The Excise Tax Act, RSC 1985, c E-15 (the “ETA”) provides Canada Revenue Agency with a powerful deemed trust remedy to collect unremitted GST, even from the hands of a secured lender without knowledge of a debtor’s tax debt. This deemed trust does not, however, apply to a bankrupt for amounts collected before the person became a bankrupt.
The power of this remedy is illustrated in Toronto-Dominion Bank v Canada 2020 FCA 80, in which TD Bank lost an appeal from a judgment requiring the Bank to pay $67,854 plus interest to the Federal Government.

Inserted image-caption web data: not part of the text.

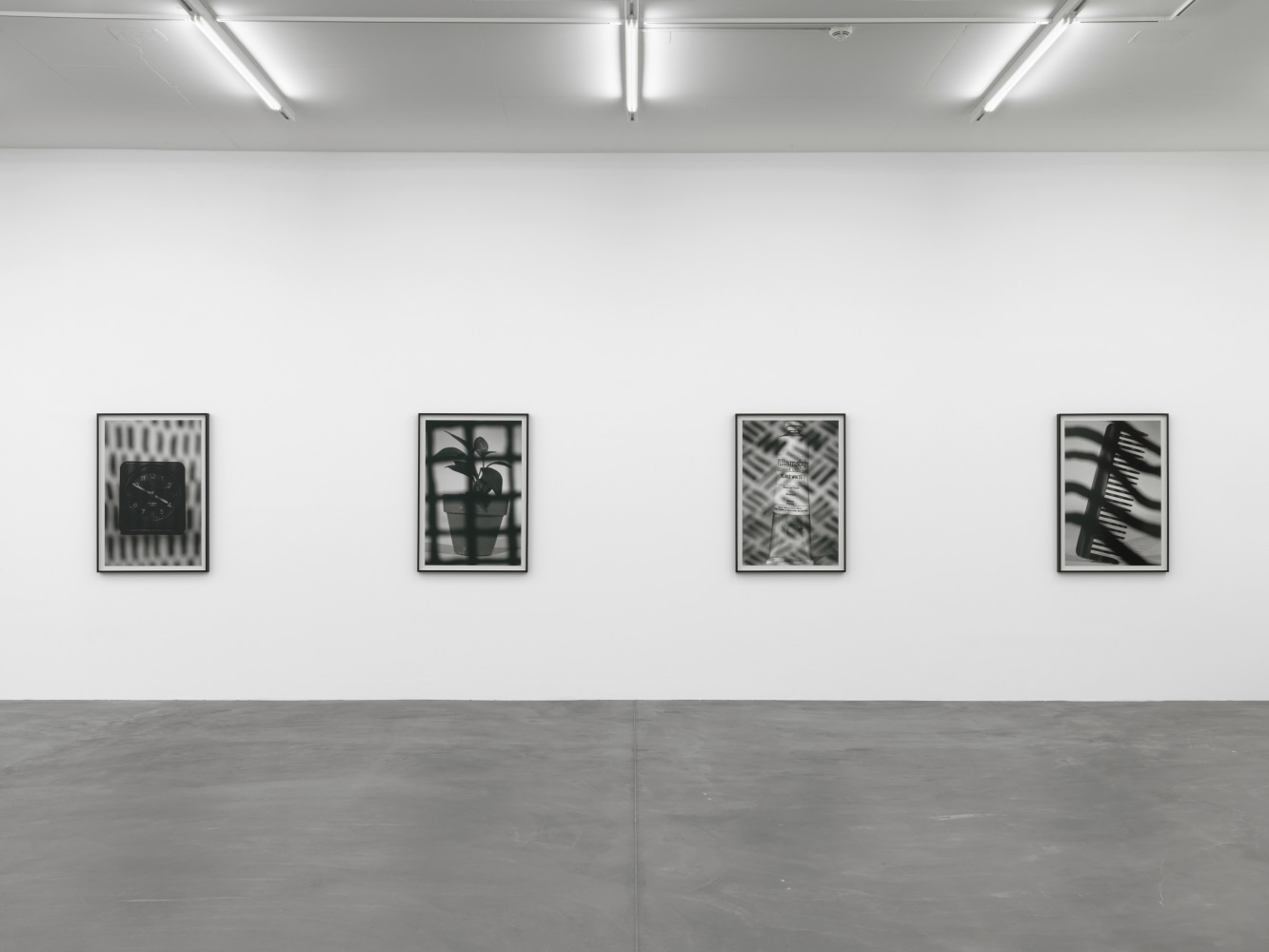 Installation view of Wyatt Kahn wall reliefs and photographs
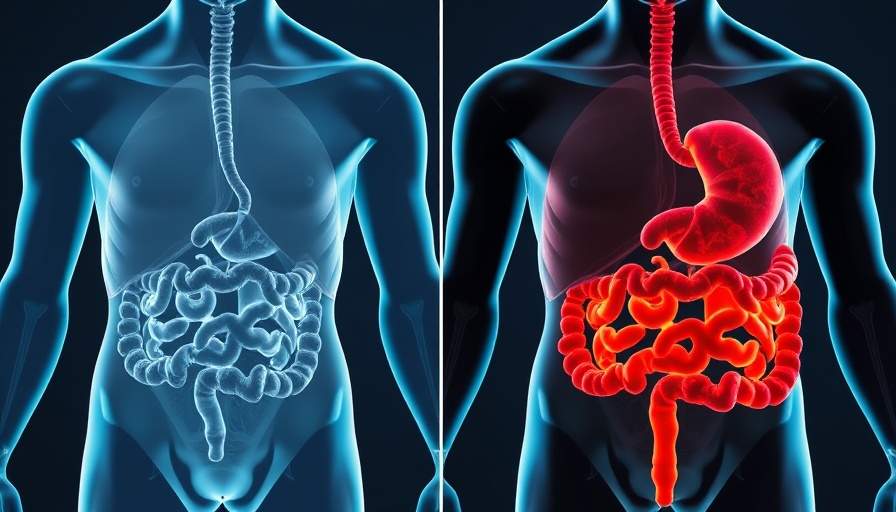 3D illustration showing healthy vs inflamed gut, highlighting hidden inflammation and food sensitivities.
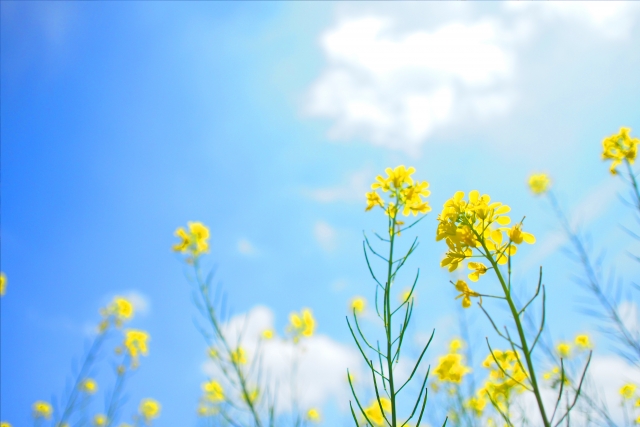 f:id:kopeblo:20190419222929j:plain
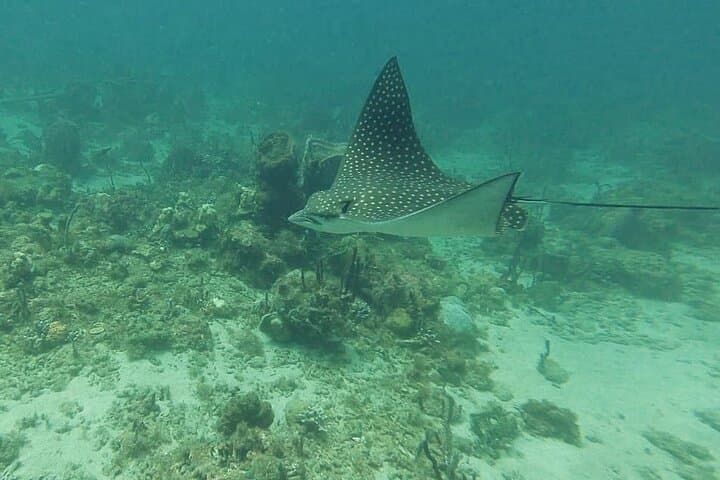 SeaTrek St. Lucia: Underwater Helmet Walk in Rodney Bay photo 6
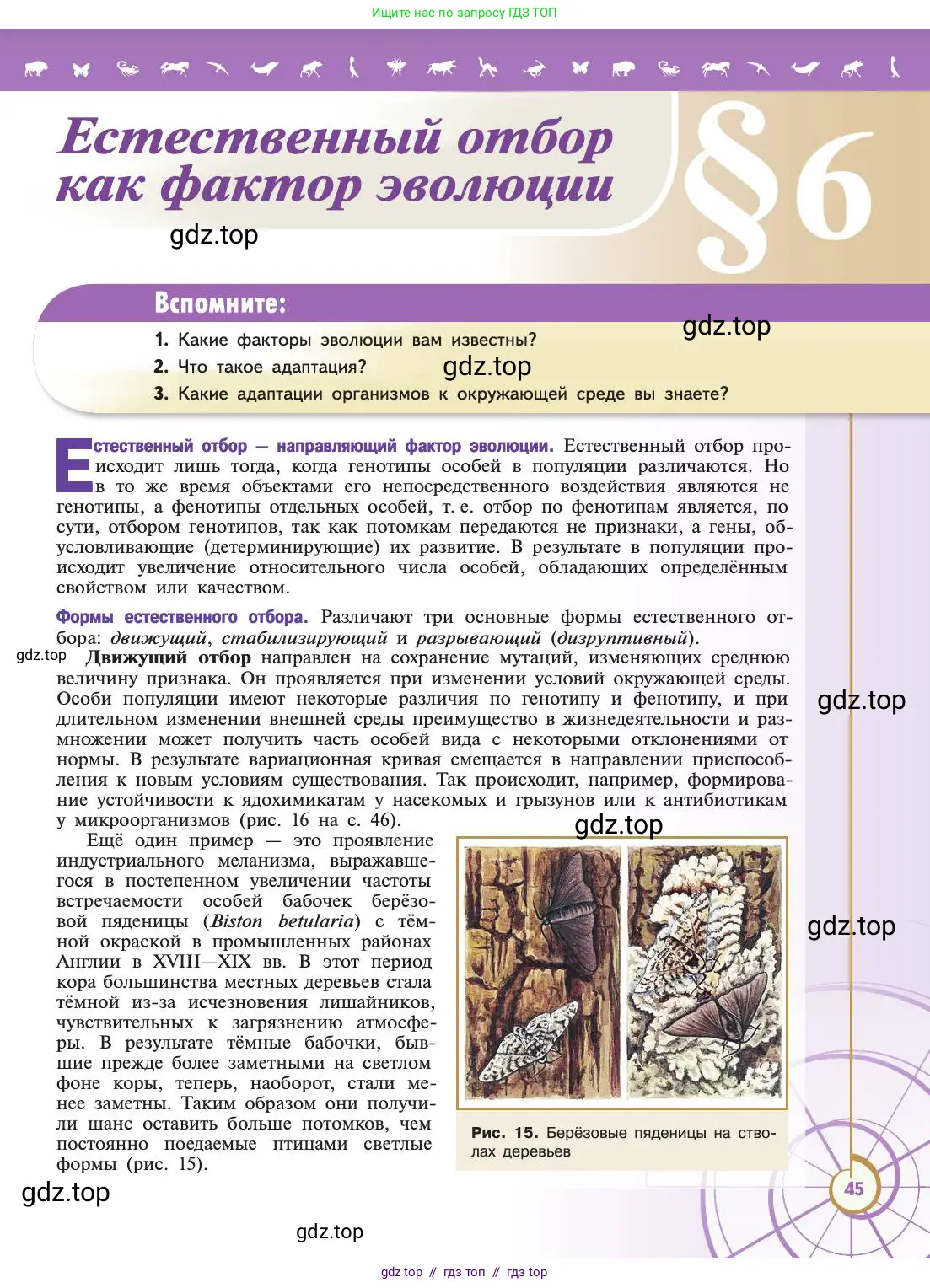 Биология, 11 класс Учебник, авторы: Пасечник Владимир Васильевич, Каменский Андрей Александрович, Рубцов Александр Михайлович, Швецов Глеб Геннадьевич, Абовян Леван Арташесович, Гапонюк Зоя Георгиевна, издательство Просвещение, Москва, 2019, страница 45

In TD Bank, a sole proprietor operating a landscaping business had collected but failed to remit $67,854 to the Receiver General in 2007 and 2008. In 2010, TD Bank provided the sole proprietor a line of credit and a loan secured, respectively, by a charge and a mortgage registered against his property. TD Bank was unaware of the sole proprietor’s failure to remit GST at the time the line of credit was provided and the loan was extended.
Around 18 months later, the sole proprietor sold his property and repaid the line of credit and the mortgage from the proceeds. The Bank had not enforced its security before the sale of the property.
Years later, CRA asserted a deemed trust claim pursuant to section 222 of the ETA and claimed the proceeds the Bank had received from the sale of the property ought to have been paid to the Receiver General.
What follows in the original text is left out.